SUPPLIED RECORDS
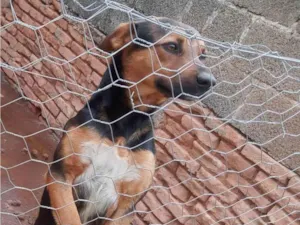Cachorro raça SRD-ViraLata idade 2 anos nome Billy 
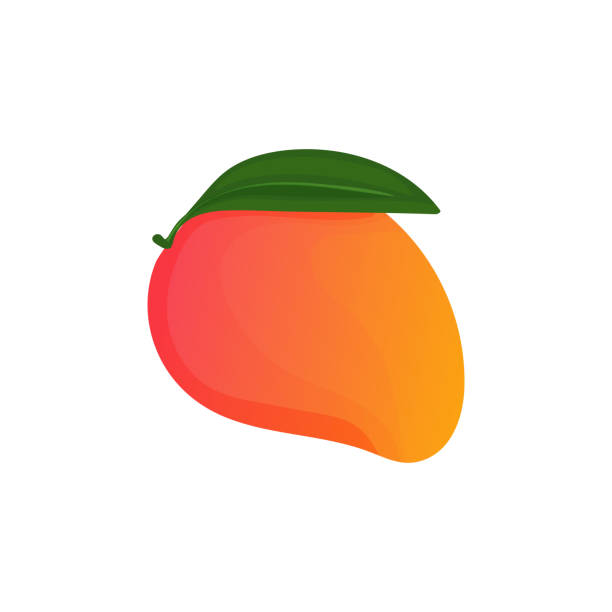 ilustraciones, imágenes clip art, dibujos animados e iconos de stock de ilustración vectorial con un mango afrutado en estilo de dibujos animados. brillante y jugoso icono de mango aislado sobre un fondo blanco. para diseño simple de etiquetas y logotipos. - healthy eating green drink non alcoholic beverage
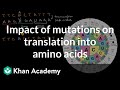 Transcription and Translation: The Journey from DNA to Protein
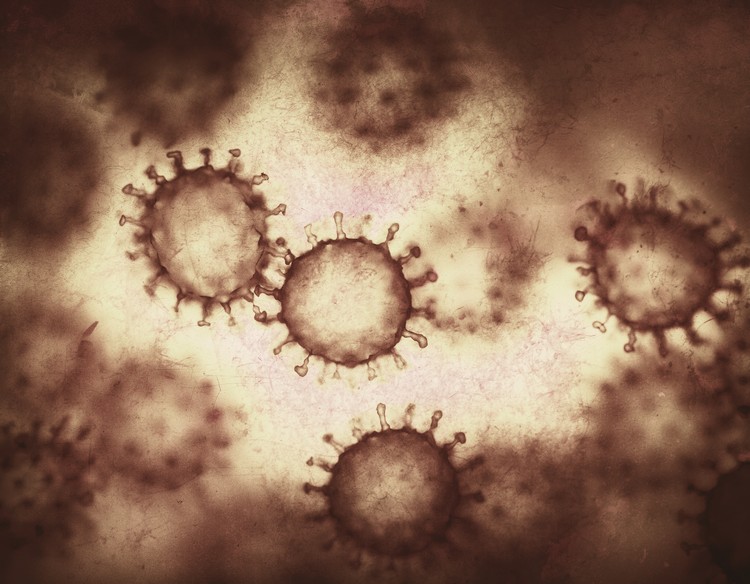 souches du coronavirus multiplication ingénieuse formation de super cellules syncitia non sensibles aux anticorps neutralisants étude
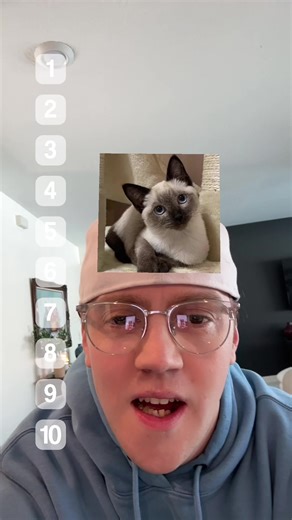 BLIND RANKING CATS 🐈 #fyp #cam2r #catsoftiktok #cat #viral | cats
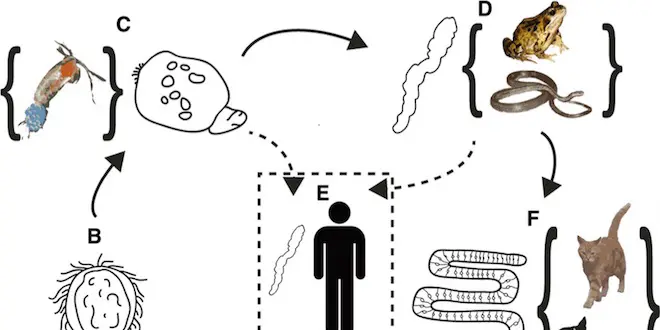 Source : Genome Biology, doi:10.1186/s13059-014-0510-3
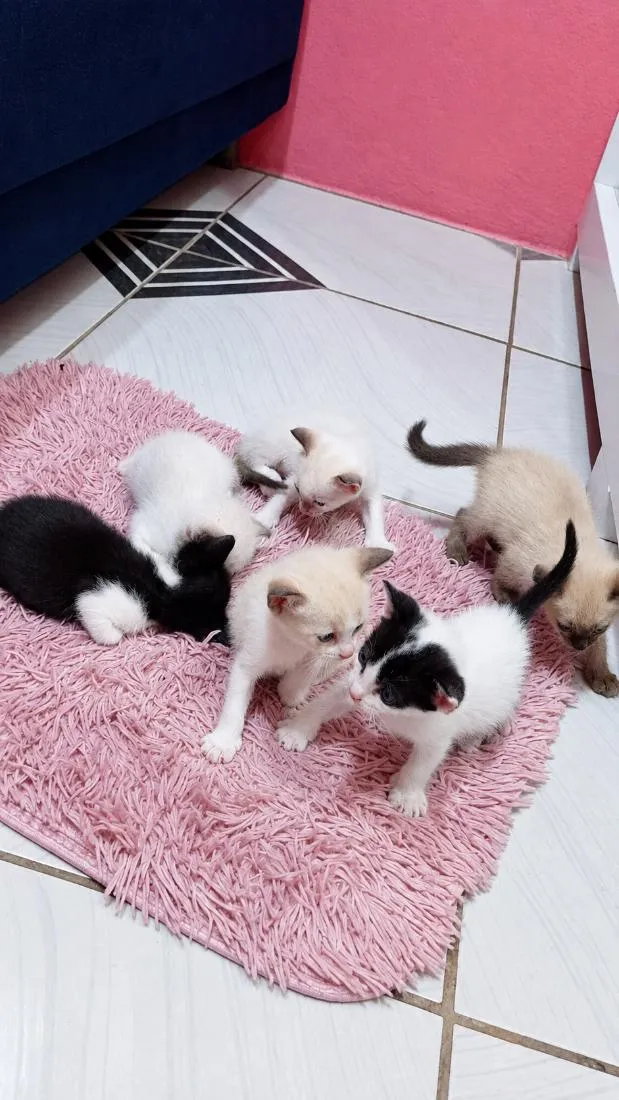 Gato raça SRD-ViraLata idade Abaixo de 2 meses nome filhotes 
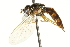  ( - CNC DIPTERA 106295)  @13 [ ] CreativeCommons - Attribution (2011) CNC/CBG Photography Group Centre for Biodiversity Genomics
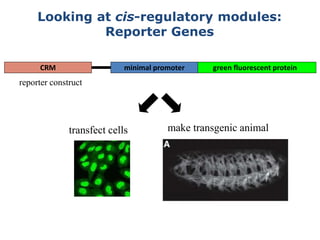 green fluorescent proteinminimal promoterCRM
reporter construct
transfect cells make transgenic animal
Looking at cis-regulatory modules:
Reporter Genes
 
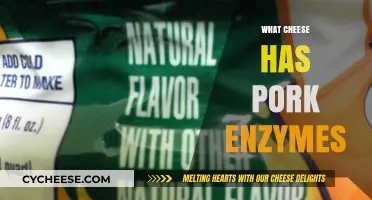 Cheese and Pork Enzymes: Uncovering Animal-Derived Rennet in Dairy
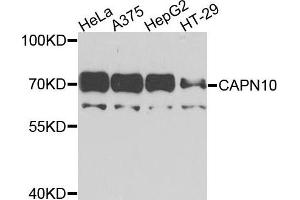 Western blot analysis of extracts of various cells, using CAPN10 antibody. (CAPN10 Antikörper)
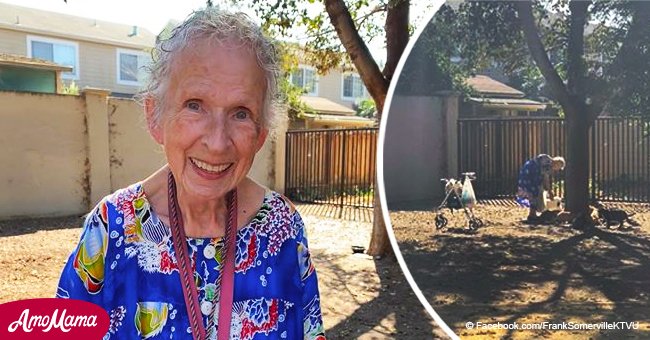 Anciana alimenta 14 gatos callejeros cada día por 10 años, y su inspiradora historia se hizo viral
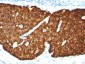  Chromogranin A / CHGA (Neuroendocrine Marker) Antibody - With BSA and Azide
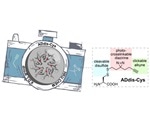 New chemical tool elucidates how proteins recognize and associate with one another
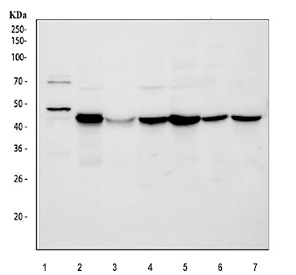Western blot testing of 1) human Jurkat, 2) rat heart, 3) rat skeletal muscle, 4) rat brain, 5) mouse heart, 6) mouse skeletal muscle and 7) mouse brain tissue lysate with PDK2 antibody at 0.5ug/ml. Predicted molecular weight ~46 kDa.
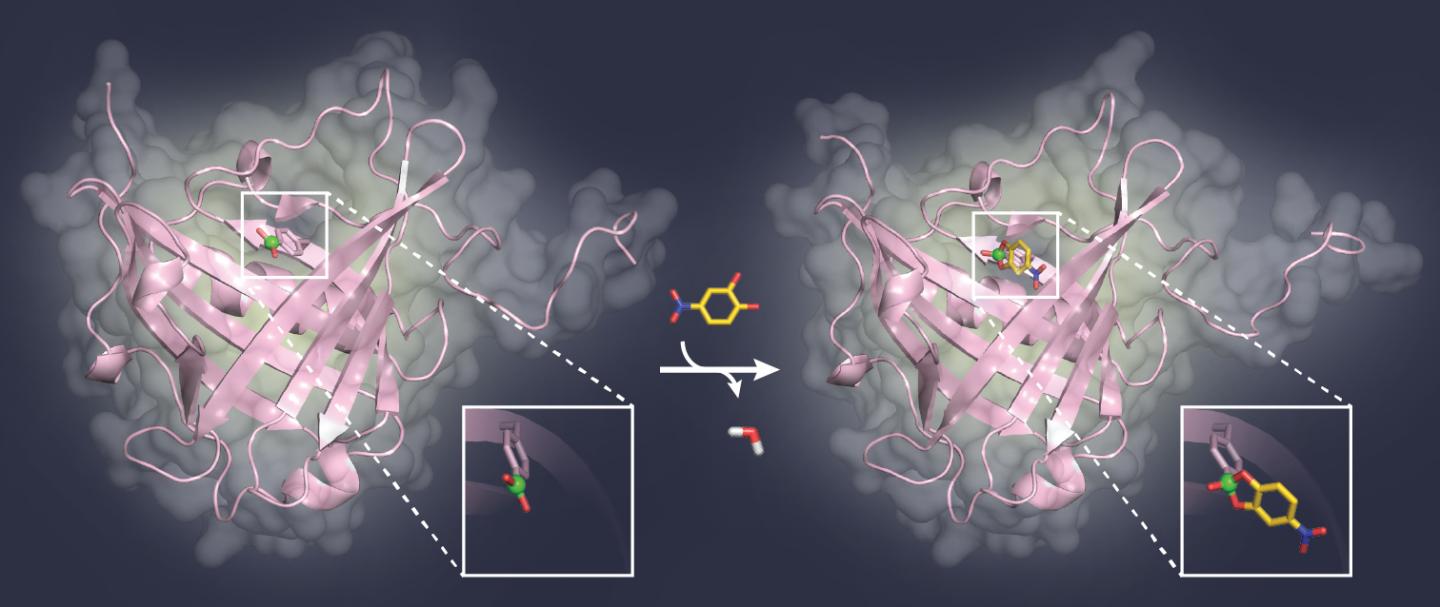 Artificial Sugar-Binding Protein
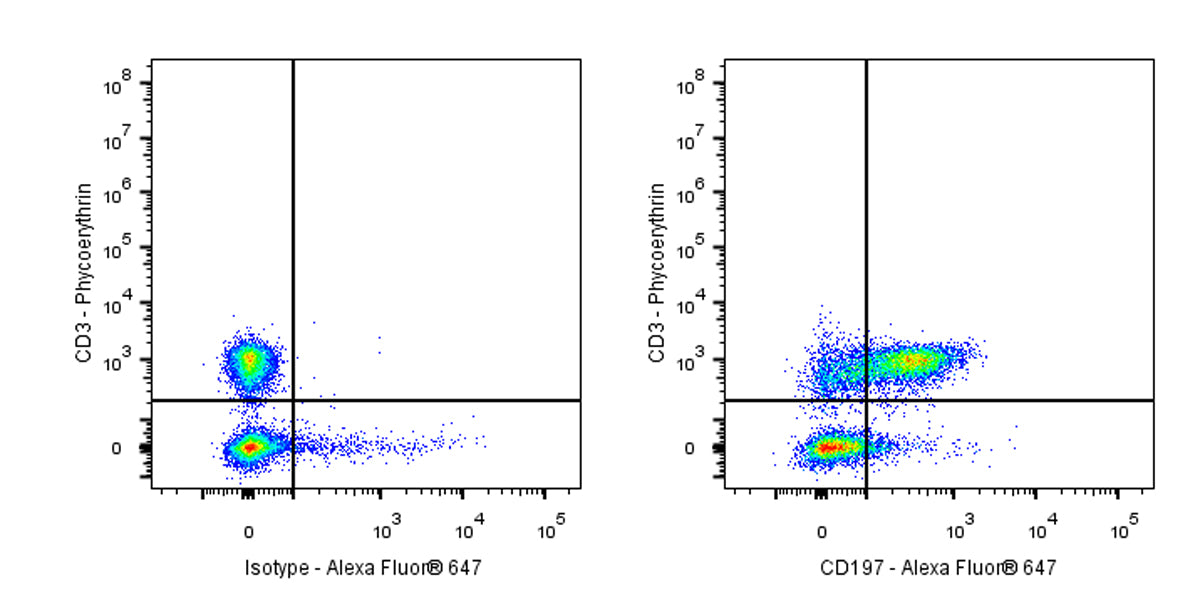 Alexa Fluor® 647 Rat Anti-Mouse CD197 (CCR7) Antibody (4B12)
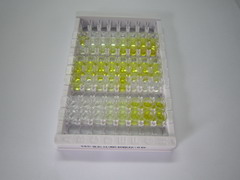 ELISA Kit for Heat Shock 70kDa Protein 1 Like Protein (HSPA1L)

WHAT YOU SHOULD DO
Word for word, retype the lines in the entries above that run from the one with "Reporter Genes" through the one with "Chromogranin A /". Both ends count; pictures do not.

ANSWER TO THIS EXERCISE
Reporter Genes
 
 Cheese and Pork Enzymes: Uncovering Animal-Derived Rennet in Dairy
 Western blot analysis of extracts of various cells, using CAPN10 antibody. (CAPN10 Antikörper)
 Anciana alimenta 14 gatos callejeros cada día por 10 años, y su inspiradora historia se hizo viral
  Chromogranin A / CHGA (Neuroendocrine Marker) Antibody - With BSA and Azide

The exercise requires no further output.